Alejandro Bovino Maciel
Alejandro Bovino Maciel est né à Corrientes, en 1956. Il est médecin-psychiatre diplômé de l'Université de Buenos Aires. Il a travaille neuf ans à Asunción, Paraguay, à côté de Augusto Roa Bastos. Il a publié une vingtaine d'ouvrages, mais il est surtout connu pour son théâtre politique.
Dans « El viejo señor Sarmiento », il est question de la fin de La guerre de la Triple-Alliance qui a opposé du 1ᵉʳ mai 1865 au 1ᵉʳ mars 1870 une coalition composée de l'empire du Brésil, de l’Argentine et de l’Uruguay, au Paraguay. Alejandro Bovino met en cause Domingo Faustino Sarmiento, président de l'Argentine de 1868 à 1874, très respecté aujourd'hui, mais dont le rôle lors de cette guerre est pour le moins discutable. Ironie du sort, Sarmiento est venu mourir au Paraguay.
ETELVINA : Tu sais qui étaient ces soldats paraguayens qui résistaient encore là après tant de batailles ? Ils étaient tout au plus 500 et c'était pour la plupart des vétérans amaigris par la faim et le manque de tout, malades, quelques uns n'avaient plus de bras, à d'autres il manquait un œil... C'était tout ce qui restait à notre pays après le désastre de cette guerre qui a duré quatre ans...
ROSARITO : Alors pourquoi les a-t-on envoyés à la guerre, tante Etelvina ?
ETELVINA : Parce qu'il n'y avait plus qu'eux. Il n'y avait plus d'hommes vivants, sinon ces 500 vieux, quasi invalides et malades. C'est tout ce qu'il restait. Parce que les 3500 autres étaient des enfants de huit à dix ans. Tu te rends compte? Des gamins frêles, tout petits, dont on voyait à peine l'ombre projetée sur le sol. On leur avait peint des barbes et des moustaches avec du charbon pour tromper l'ennemi.
ROSARITO : Les gamins ont fait la guerre, ma tante ?
ETELVINA : Oui, c'est ce que je viens de te dire. Ils nous ont défendu, les gosses.
ROSARIO : Tu es sûre de ce que tu dis ?
ETELVINA : Mon père était un de ces vétérans. Il l'a bien vu.

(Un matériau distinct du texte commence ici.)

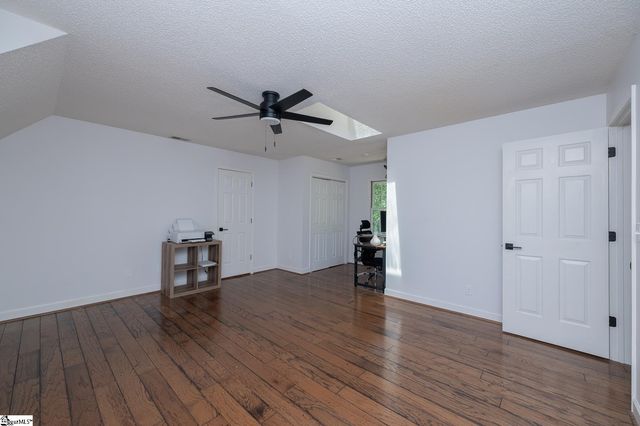 206 Mountain Crest Drive, Taylors, SC 29687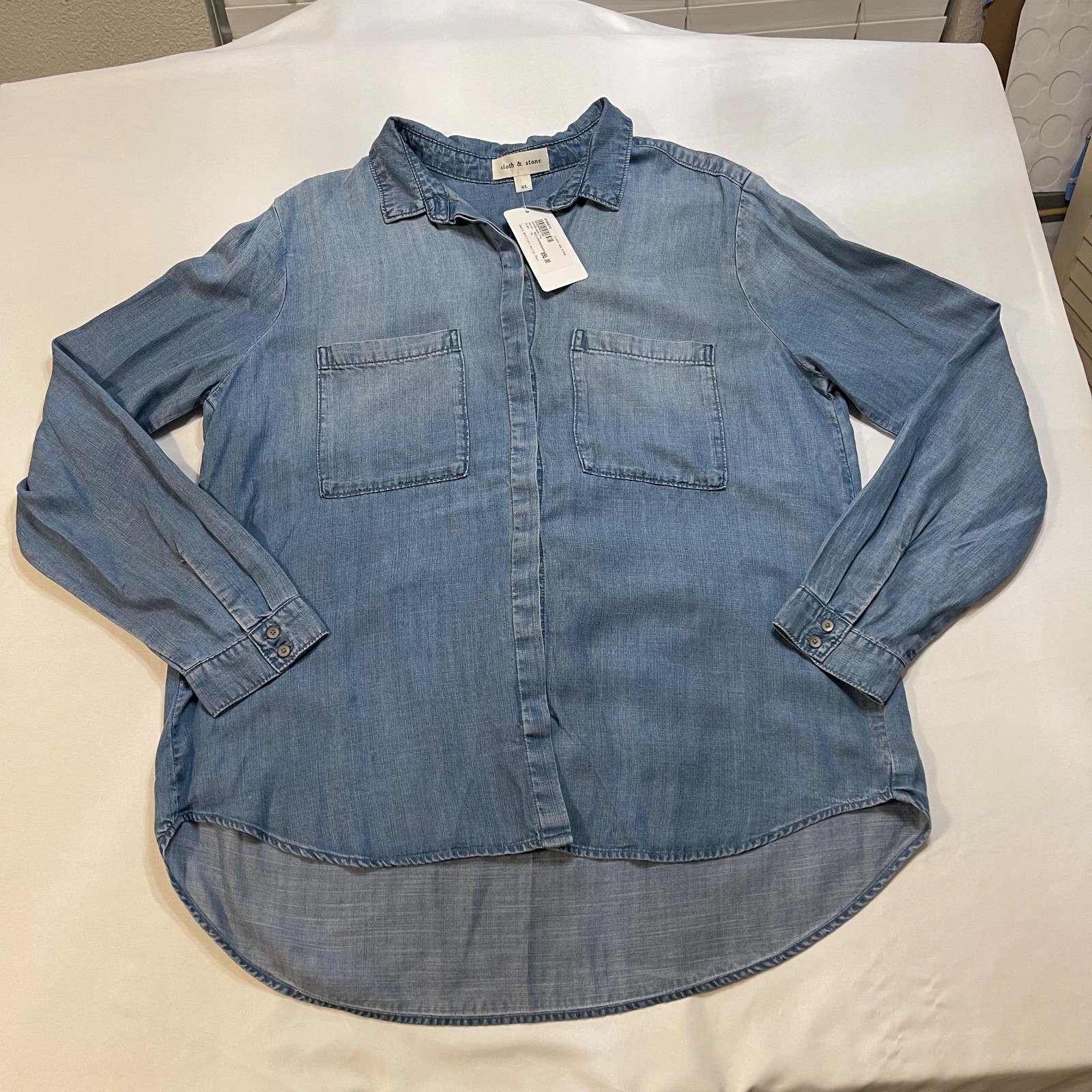 Cloth & Stone Chambray Tencel Button Down Shirt Womens XL Blue Lyocell Denim NWT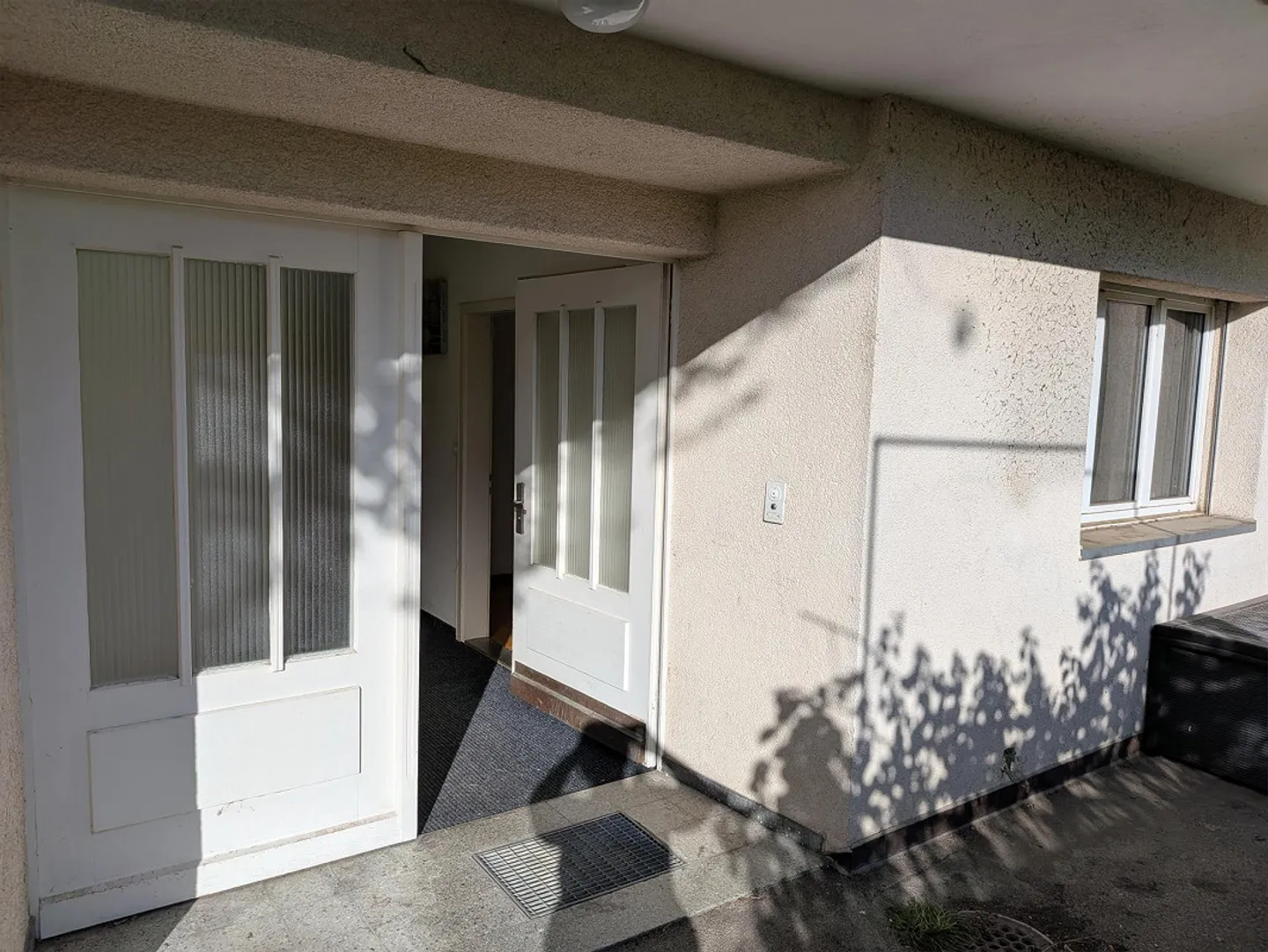In a good location with caretaker job (part-time) - Photo 2 of 14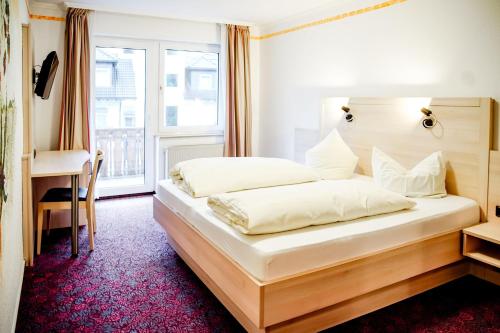 a bedroom with a large white bed with a window at Smart Resorts B&B1 BB1 118 in Winterberg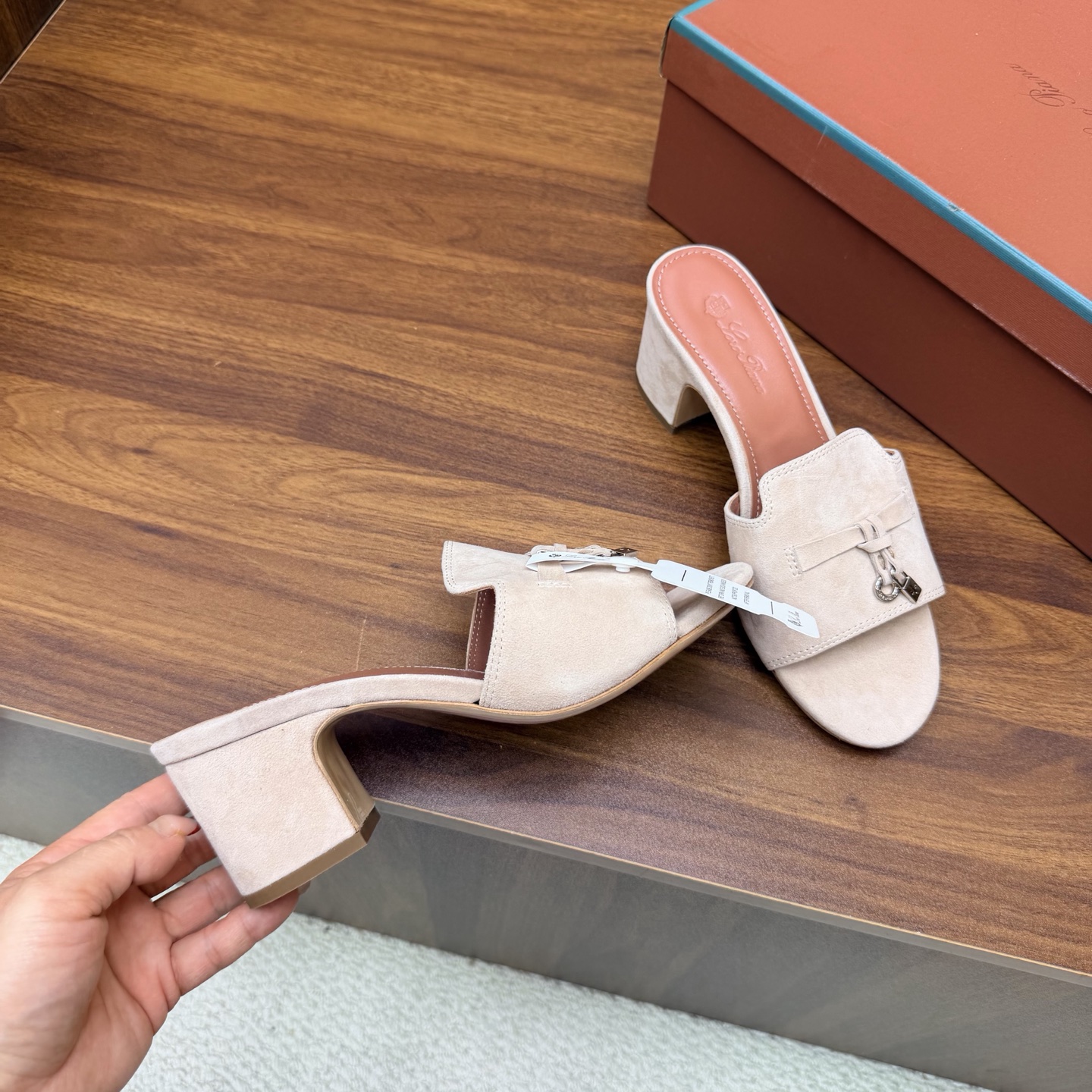 Loro Piana Slides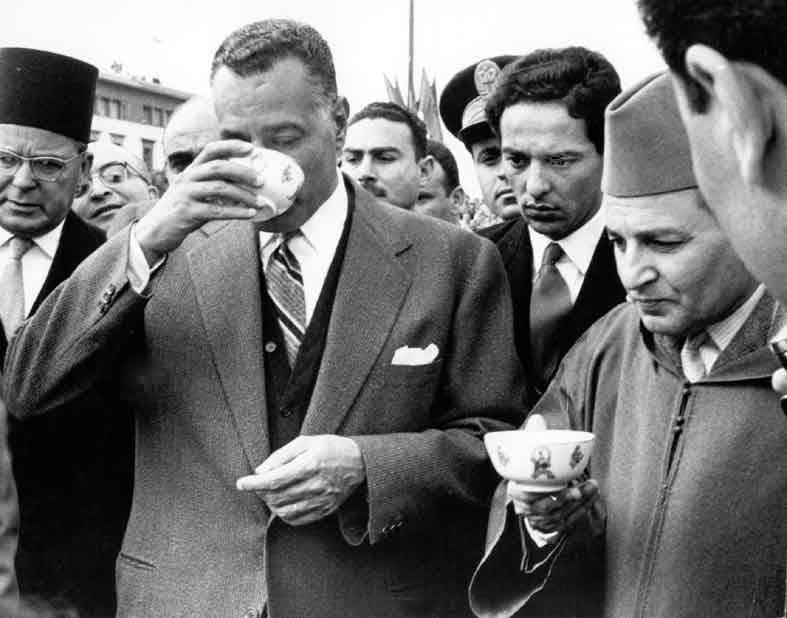 King Mohammed V receiving President Gamal Abdel Nasser of Egypt on his visit to Morocco, 1961.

Tu t'imagines un peu, Rosario ? Lutter corps à corps avec des enfants qui s'accrochent à vos genoux, criant de terreur, demandant la clémence parce qu'ils ne savent pas tuer, ni même utiliser une arme. Les fusils qu'ils avaient étaient des bouts de bois, des jouets, pour faire croire aux troupes ennemies qu'ils étaient armés.

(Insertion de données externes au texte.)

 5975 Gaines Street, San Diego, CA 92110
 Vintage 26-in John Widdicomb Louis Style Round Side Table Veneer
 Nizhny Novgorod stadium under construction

ROSARIO : C'est épouvantable, ma tante. Il vaut mieux de ne jamais parler de la guerre. Des enfants... des gamins...
ETELVINA : Et tu sais ce qu'il s'est passé avec ces pauvres gamins qui priaient et qui tremblaient ? Ils ont été égorgés comme des animaux. Ce fut une boucherie, ma fille. Notre défunt papa pleurait quand il nous racontait ce qu'il avait vu.